The copy should hold exactly the lines below from the one that contains "This is Crystal" through the one that contains "In our example" and nothing else, so no pictures.

(SUPPLIED RECORDS begins)

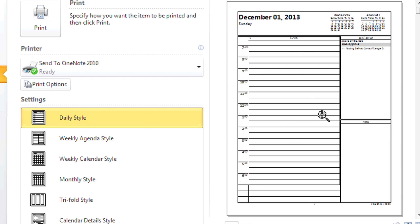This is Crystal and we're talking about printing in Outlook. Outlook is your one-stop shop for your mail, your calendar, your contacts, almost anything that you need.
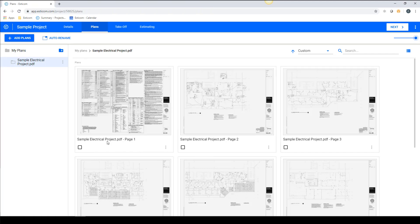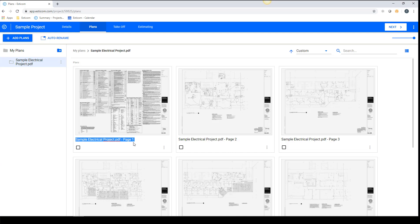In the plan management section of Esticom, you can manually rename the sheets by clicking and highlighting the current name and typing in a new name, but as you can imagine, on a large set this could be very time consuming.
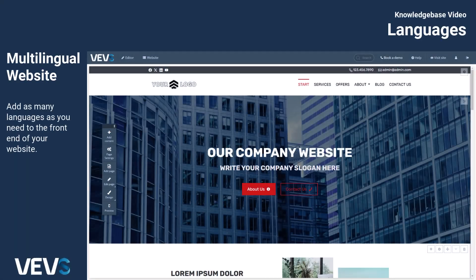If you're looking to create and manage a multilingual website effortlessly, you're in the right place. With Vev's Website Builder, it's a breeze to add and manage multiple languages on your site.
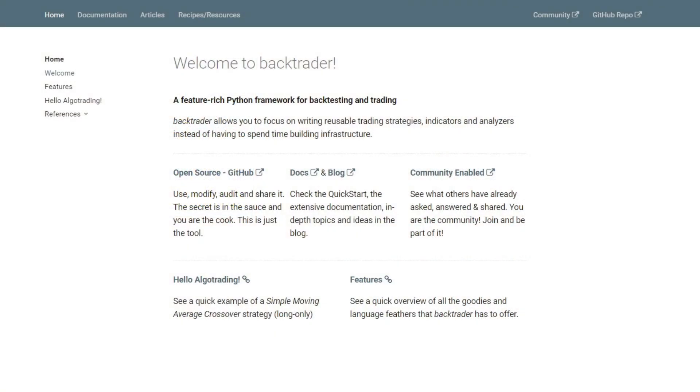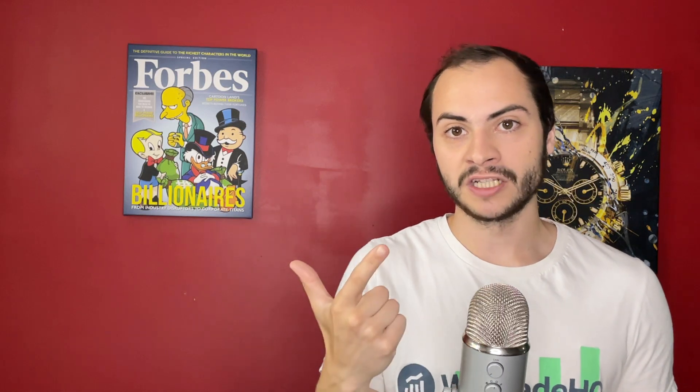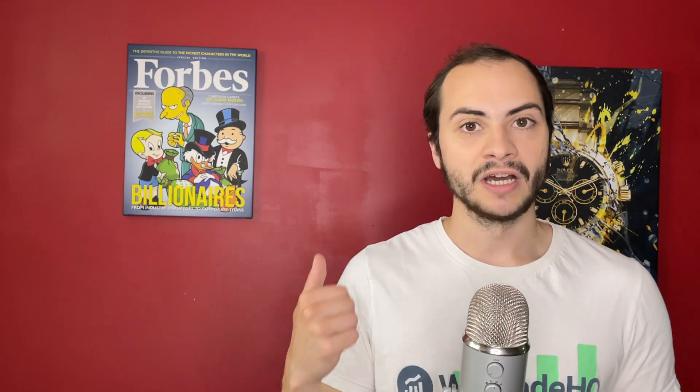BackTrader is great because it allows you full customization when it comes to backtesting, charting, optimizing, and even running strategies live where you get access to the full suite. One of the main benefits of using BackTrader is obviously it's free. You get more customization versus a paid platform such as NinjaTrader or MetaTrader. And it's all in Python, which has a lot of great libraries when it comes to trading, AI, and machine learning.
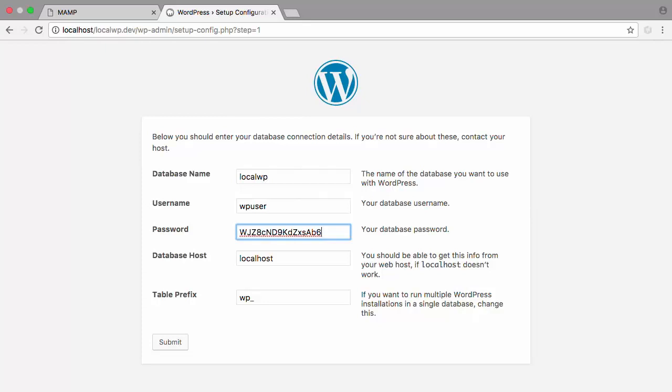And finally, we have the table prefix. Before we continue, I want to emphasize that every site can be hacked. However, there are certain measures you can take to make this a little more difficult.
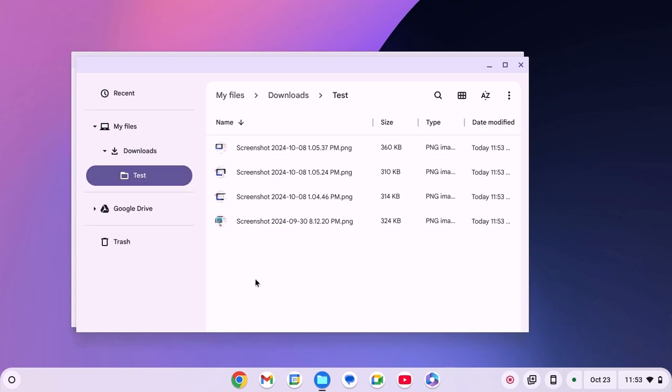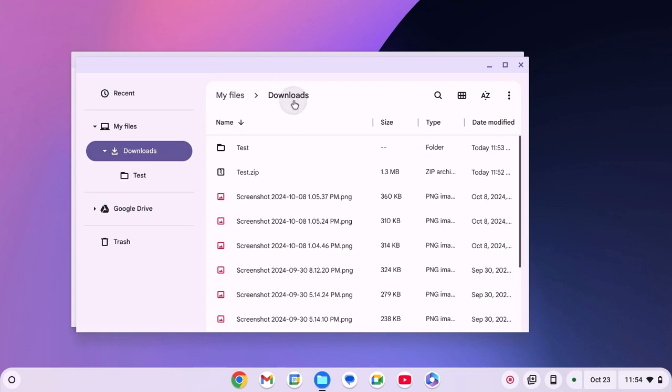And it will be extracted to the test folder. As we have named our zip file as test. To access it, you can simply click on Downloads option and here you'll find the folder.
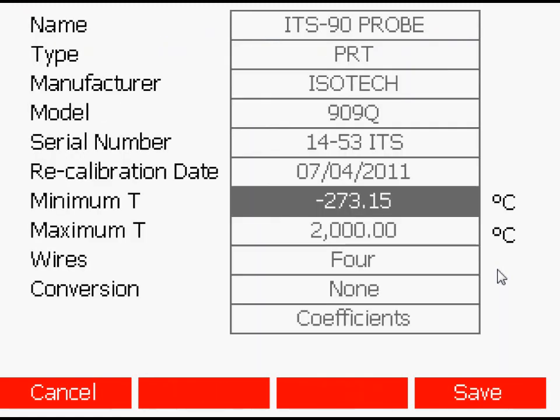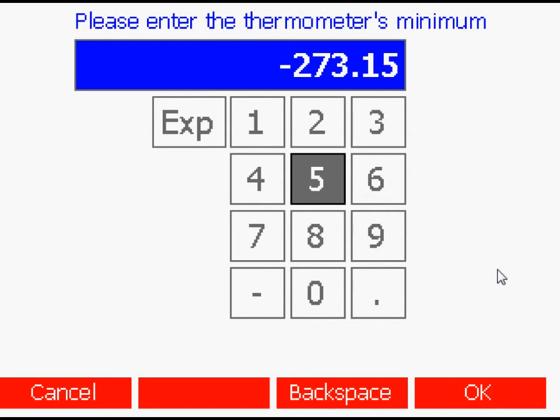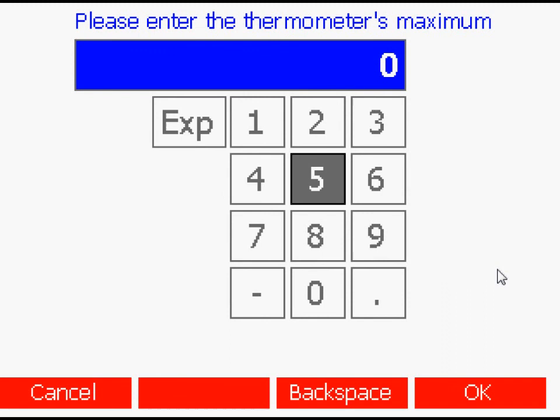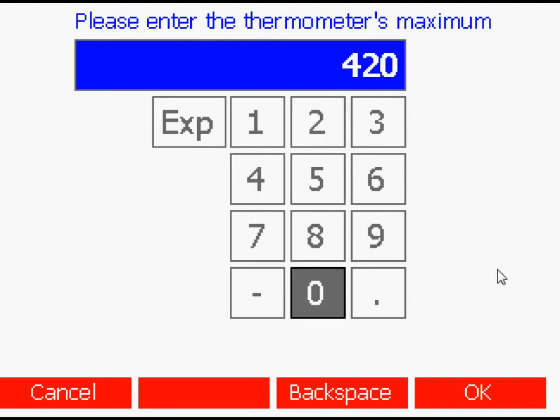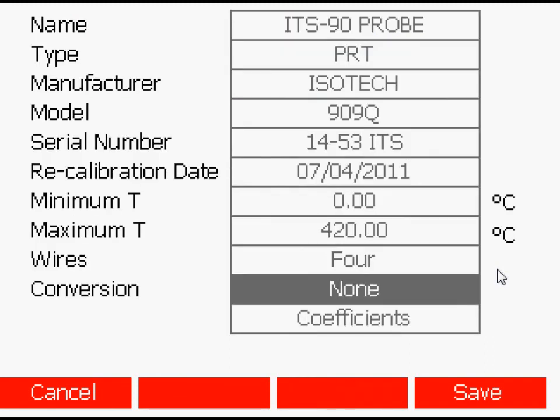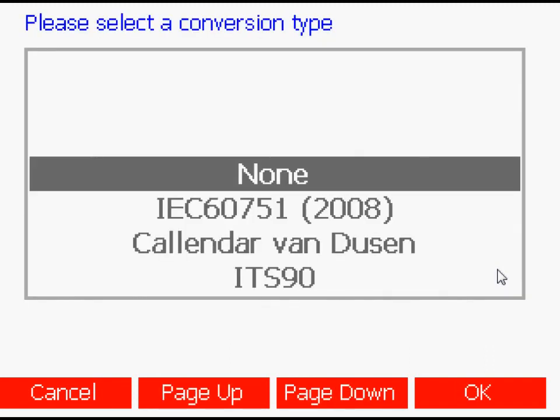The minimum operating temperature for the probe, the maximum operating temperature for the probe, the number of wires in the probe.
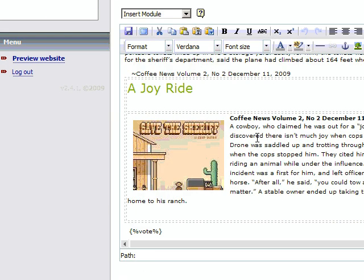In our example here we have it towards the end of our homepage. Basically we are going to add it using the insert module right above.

(SUPPLIED RECORDS ends)
(SUPPLIED RECORDS begins)

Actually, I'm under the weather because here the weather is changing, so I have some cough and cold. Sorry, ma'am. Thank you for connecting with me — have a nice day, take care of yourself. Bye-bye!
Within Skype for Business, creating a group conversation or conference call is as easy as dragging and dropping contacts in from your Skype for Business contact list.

(SUPPLIED RECORDS ends)
(SUPPLIED RECORDS begins)

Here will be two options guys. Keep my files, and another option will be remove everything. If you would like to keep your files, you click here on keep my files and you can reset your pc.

(SUPPLIED RECORDS ends)

**RESULT FOR THIS TASK:**
This is Crystal and we're talking about printing in Outlook. Outlook is your one-stop shop for your mail, your calendar, your contacts, almost anything that you need.
In the plan management section of Esticom, you can manually rename the sheets by clicking and highlighting the current name and typing in a new name, but as you can imagine, on a large set this could be very time consuming.
If you're looking to create and manage a multilingual website effortlessly, you're in the right place. With Vev's Website Builder, it's a breeze to add and manage multiple languages on your site.
BackTrader is great because it allows you full customization when it comes to backtesting, charting, optimizing, and even running strategies live where you get access to the full suite. One of the main benefits of using BackTrader is obviously it's free. You get more customization versus a paid platform such as NinjaTrader or MetaTrader. And it's all in Python, which has a lot of great libraries when it comes to trading, AI, and machine learning.
And finally, we have the table prefix. Before we continue, I want to emphasize that every site can be hacked. However, there are certain measures you can take to make this a little more difficult.
And it will be extracted to the test folder. As we have named our zip file as test. To access it, you can simply click on Downloads option and here you'll find the folder.
The minimum operating temperature for the probe, the maximum operating temperature for the probe, the number of wires in the probe.
In our example here we have it towards the end of our homepage. Basically we are going to add it using the insert module right above.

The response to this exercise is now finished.